We need to do more with less, which means maximizing the time our team spends selling. No salesperson I've ever met enjoys updating CRM. The Gong Revenue AI Operating System, through its connection to Salesforce, streamlines their time and, crucially, helps them know where to put their energy. We're seeing sales teams sometimes rank their deals based on size (biggest to smallest) and focus solely on that one large deal. But that $100,000 deal might only have a 10% chance of closing, while five smaller deals could be a near certainty. Revenue AI is helping us understand where our sales team should be putting their energy, who's using it in the right place, and who's working efficiently. This shift will not only boost numbers, but also a team's morale, as they can focus on the deals that truly matter.
2. Sticking to weekly pulse calls
Despite being tech-forward, your revenue AI transformation should still stand on one repeatable ritual: weekly meetings. I operate in a monthly forecast organization, but every Wednesday we hold a pulse call where managers review our collective progress.
Crucially, every Monday morning, every seller has to enter their personal forecast for the month. Historically, that number was the sum of their commit deals in Salesforce. With revenue AI, we now encourage our sellers to submit a number based on their experience and what the platform — in this case, Gong — is telling them. AI's prediction is vital here, and Gong gives us a better prediction than the sellers do, especially in the first two weeks of a month. Our sellers were sometimes too low initially, but revenue AI’s reference point forces them to recalibrate quickly.

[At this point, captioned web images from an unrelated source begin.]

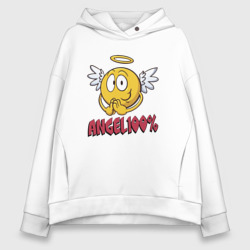 Женское худи Oversize хлопок Angel 100%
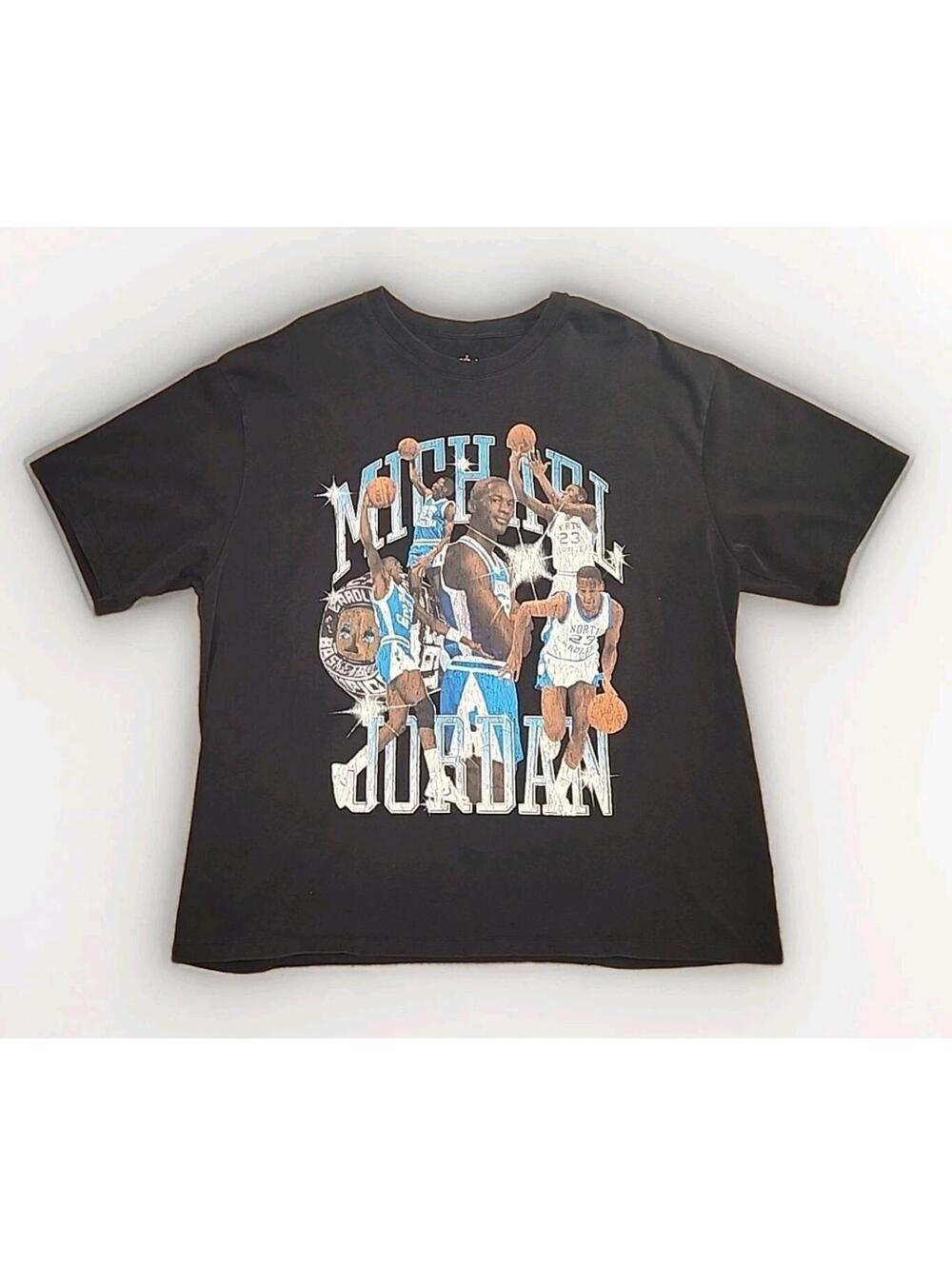 Nike Jordan Flight Essentials Men's Graphic T-Shirt Black Powder Blue HQ8940-010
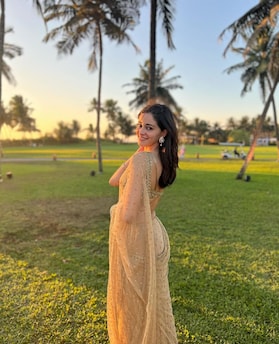Take a look at Ananya Panday’s embroidered saree for wedding inspo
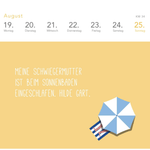 Postkartenkalender 2025: In dubio Prosecco - aromazauberei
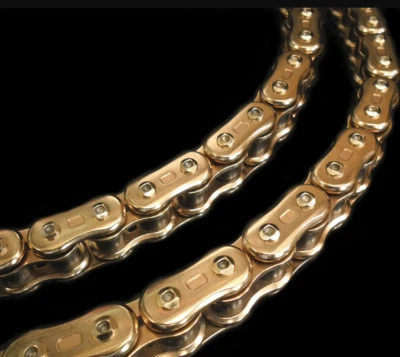 EK Z3D-530 MOTORCYCLE CHAIN 160 LINKS TENSILE STRENGTH 11,200 lbs GOLD - Image 1 of 3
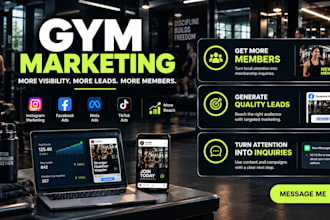 gym marketing, fitness marketing, gym ads and lead generation, personal trainer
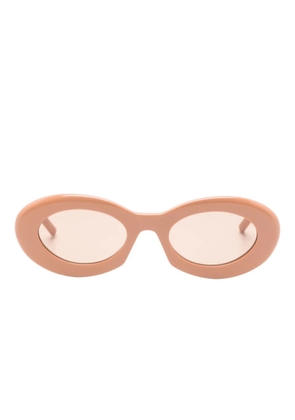 Saint Laurent Eyewear oval-frame sunglasses - Pink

This visibility has revolutionized our accuracy. We consistently hit within a few points of quota every month, which allows senior leadership to trust the figures they get from us. If you can say in week two that you know where you’re going to be at the end of the month, and you get within five percent, that predictability is invaluable. That’s true not just for sales, but for the entire organization.
We also still hold monthly, one-on-one reviews in which managers use the Deal Board to understand their deals. We’re no longer at that stage where a seller can tell their manager, "This deal's really hot," only for the manager to look in the system and say, "You haven't spoken to them for three weeks, and there's no finance director on the deal." We’re all working from the same Gong Revenue AI Operating System insights, and there’s no hiding from it. No guessing. No BS.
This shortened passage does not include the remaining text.